Stored records —

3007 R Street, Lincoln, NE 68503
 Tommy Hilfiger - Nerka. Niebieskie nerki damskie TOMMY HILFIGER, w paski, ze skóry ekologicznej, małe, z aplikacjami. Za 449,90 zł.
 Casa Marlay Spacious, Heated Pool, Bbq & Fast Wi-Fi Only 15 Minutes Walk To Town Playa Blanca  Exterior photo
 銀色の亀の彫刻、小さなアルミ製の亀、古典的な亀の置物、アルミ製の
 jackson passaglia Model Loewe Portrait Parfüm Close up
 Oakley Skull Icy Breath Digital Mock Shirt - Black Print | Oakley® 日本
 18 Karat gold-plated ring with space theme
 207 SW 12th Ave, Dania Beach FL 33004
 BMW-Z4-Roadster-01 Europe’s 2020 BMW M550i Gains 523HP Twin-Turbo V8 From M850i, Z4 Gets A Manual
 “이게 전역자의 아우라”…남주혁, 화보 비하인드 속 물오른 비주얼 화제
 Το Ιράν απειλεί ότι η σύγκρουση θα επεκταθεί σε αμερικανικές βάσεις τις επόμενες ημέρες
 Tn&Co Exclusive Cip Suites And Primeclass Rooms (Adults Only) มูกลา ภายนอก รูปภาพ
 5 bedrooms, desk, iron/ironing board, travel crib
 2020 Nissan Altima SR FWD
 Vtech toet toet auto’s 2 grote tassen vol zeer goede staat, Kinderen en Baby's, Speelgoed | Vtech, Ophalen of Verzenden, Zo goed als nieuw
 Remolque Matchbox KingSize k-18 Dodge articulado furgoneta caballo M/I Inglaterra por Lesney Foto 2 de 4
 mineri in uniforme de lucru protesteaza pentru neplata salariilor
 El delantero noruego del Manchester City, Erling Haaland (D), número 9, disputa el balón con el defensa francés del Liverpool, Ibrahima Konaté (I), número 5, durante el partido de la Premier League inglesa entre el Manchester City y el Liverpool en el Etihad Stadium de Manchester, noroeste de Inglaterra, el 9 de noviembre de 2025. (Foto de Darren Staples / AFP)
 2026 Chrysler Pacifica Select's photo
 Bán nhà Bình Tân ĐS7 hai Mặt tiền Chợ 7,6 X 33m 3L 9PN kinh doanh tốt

WORK ORDER — Reproduce exactly the lines from the one with "2026 Chrysler Pacifica Select's photo" through the last line of the entries, keeping both of those lines and nothing else.

WRITTEN SOLUTION —
 2026 Chrysler Pacifica Select's photo
 Bán nhà Bình Tân ĐS7 hai Mặt tiền Chợ 7,6 X 33m 3L 9PN kinh doanh tốt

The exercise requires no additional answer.